I need the lines below from the one with "Super niedlicher Kawaii" down to the one with "Tampax Pearl Lite's" reproduced exactly, both ends included, and nothing else.

(Records contained in a dataset)
"""

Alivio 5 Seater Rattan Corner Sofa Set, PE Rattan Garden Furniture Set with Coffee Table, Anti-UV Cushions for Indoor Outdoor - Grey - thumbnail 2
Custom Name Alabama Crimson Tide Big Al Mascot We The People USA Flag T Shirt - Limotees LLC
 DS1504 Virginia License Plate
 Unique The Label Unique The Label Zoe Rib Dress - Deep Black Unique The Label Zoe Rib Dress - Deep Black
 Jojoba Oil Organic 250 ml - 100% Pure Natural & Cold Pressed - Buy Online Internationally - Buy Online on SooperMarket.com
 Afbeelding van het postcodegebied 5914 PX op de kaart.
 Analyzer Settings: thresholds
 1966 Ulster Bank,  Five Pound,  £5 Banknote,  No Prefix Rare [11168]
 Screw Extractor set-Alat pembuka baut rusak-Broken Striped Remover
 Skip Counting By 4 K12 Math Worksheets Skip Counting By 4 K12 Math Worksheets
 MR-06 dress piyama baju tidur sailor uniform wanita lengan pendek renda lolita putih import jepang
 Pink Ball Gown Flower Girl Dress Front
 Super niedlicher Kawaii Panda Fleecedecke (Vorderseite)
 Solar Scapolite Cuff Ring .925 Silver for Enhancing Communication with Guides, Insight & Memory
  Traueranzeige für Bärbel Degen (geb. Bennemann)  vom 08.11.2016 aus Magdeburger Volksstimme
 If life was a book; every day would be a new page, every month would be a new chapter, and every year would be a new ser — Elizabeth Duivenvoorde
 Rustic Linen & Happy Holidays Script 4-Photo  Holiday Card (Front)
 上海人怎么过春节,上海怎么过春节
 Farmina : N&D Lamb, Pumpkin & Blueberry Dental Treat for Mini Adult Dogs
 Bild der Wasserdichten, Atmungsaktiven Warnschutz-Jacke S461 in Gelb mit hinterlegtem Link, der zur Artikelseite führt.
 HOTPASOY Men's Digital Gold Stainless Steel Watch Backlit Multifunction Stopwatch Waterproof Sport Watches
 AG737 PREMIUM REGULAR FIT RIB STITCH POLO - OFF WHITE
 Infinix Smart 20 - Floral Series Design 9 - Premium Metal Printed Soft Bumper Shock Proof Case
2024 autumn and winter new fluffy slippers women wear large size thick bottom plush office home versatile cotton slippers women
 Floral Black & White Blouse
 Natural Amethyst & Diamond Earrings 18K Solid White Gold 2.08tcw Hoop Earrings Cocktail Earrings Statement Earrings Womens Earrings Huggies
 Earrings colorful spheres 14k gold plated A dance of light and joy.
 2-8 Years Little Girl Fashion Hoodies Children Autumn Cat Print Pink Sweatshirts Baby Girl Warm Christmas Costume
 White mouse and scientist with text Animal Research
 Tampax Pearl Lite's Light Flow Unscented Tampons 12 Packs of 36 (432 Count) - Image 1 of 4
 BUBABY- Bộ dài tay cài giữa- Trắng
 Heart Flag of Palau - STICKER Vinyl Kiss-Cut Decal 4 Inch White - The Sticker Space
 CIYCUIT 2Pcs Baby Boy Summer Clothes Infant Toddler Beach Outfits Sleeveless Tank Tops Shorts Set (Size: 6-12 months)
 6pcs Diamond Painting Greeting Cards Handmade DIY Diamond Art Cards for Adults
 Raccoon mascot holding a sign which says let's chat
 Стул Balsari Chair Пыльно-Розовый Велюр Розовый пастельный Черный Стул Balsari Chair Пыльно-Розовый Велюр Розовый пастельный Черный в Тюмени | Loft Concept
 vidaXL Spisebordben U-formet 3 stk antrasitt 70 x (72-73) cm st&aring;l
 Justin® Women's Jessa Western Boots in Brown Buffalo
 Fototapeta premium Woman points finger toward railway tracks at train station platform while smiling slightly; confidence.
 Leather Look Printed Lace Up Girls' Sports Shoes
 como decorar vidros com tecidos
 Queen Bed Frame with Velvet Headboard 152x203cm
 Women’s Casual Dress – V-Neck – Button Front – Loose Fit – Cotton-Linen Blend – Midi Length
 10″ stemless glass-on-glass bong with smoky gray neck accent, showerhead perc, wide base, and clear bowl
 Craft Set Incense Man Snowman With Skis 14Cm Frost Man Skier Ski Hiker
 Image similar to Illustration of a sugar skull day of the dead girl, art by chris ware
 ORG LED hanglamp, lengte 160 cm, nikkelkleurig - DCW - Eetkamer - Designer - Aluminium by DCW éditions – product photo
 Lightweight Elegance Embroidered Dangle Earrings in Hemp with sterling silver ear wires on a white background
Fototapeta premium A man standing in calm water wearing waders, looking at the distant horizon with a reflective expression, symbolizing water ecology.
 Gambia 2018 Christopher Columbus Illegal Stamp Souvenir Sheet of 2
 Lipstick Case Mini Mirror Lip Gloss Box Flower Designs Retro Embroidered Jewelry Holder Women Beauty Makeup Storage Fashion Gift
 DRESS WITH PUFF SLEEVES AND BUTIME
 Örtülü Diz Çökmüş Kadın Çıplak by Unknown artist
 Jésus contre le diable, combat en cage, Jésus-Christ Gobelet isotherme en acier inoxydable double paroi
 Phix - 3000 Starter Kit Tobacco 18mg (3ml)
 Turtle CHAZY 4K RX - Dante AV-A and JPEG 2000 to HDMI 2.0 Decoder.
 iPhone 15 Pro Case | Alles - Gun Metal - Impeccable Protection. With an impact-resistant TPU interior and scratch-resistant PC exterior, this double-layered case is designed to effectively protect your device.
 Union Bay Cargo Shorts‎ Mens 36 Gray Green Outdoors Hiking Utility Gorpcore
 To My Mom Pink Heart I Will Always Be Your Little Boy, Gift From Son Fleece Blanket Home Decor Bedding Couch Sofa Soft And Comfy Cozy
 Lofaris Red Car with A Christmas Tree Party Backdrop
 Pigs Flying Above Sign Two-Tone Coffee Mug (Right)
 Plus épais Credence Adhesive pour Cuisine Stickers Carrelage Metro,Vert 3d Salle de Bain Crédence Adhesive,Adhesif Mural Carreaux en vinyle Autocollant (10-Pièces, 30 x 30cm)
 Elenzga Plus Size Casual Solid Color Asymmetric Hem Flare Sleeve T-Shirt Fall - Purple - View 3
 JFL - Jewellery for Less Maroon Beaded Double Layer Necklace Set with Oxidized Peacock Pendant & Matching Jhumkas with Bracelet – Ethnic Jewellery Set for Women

"""

### YOUR SOLUTION
 Super niedlicher Kawaii Panda Fleecedecke (Vorderseite)
 Solar Scapolite Cuff Ring .925 Silver for Enhancing Communication with Guides, Insight & Memory
  Traueranzeige für Bärbel Degen (geb. Bennemann)  vom 08.11.2016 aus Magdeburger Volksstimme
 If life was a book; every day would be a new page, every month would be a new chapter, and every year would be a new ser — Elizabeth Duivenvoorde
 Rustic Linen & Happy Holidays Script 4-Photo  Holiday Card (Front)
 上海人怎么过春节,上海怎么过春节
 Farmina : N&D Lamb, Pumpkin & Blueberry Dental Treat for Mini Adult Dogs
 Bild der Wasserdichten, Atmungsaktiven Warnschutz-Jacke S461 in Gelb mit hinterlegtem Link, der zur Artikelseite führt.
 HOTPASOY Men's Digital Gold Stainless Steel Watch Backlit Multifunction Stopwatch Waterproof Sport Watches
 AG737 PREMIUM REGULAR FIT RIB STITCH POLO - OFF WHITE
 Infinix Smart 20 - Floral Series Design 9 - Premium Metal Printed Soft Bumper Shock Proof Case
2024 autumn and winter new fluffy slippers women wear large size thick bottom plush office home versatile cotton slippers women
 Floral Black & White Blouse
 Natural Amethyst & Diamond Earrings 18K Solid White Gold 2.08tcw Hoop Earrings Cocktail Earrings Statement Earrings Womens Earrings Huggies
 Earrings colorful spheres 14k gold plated A dance of light and joy.
 2-8 Years Little Girl Fashion Hoodies Children Autumn Cat Print Pink Sweatshirts Baby Girl Warm Christmas Costume
 White mouse and scientist with text Animal Research
 Tampax Pearl Lite's Light Flow Unscented Tampons 12 Packs of 36 (432 Count) - Image 1 of 4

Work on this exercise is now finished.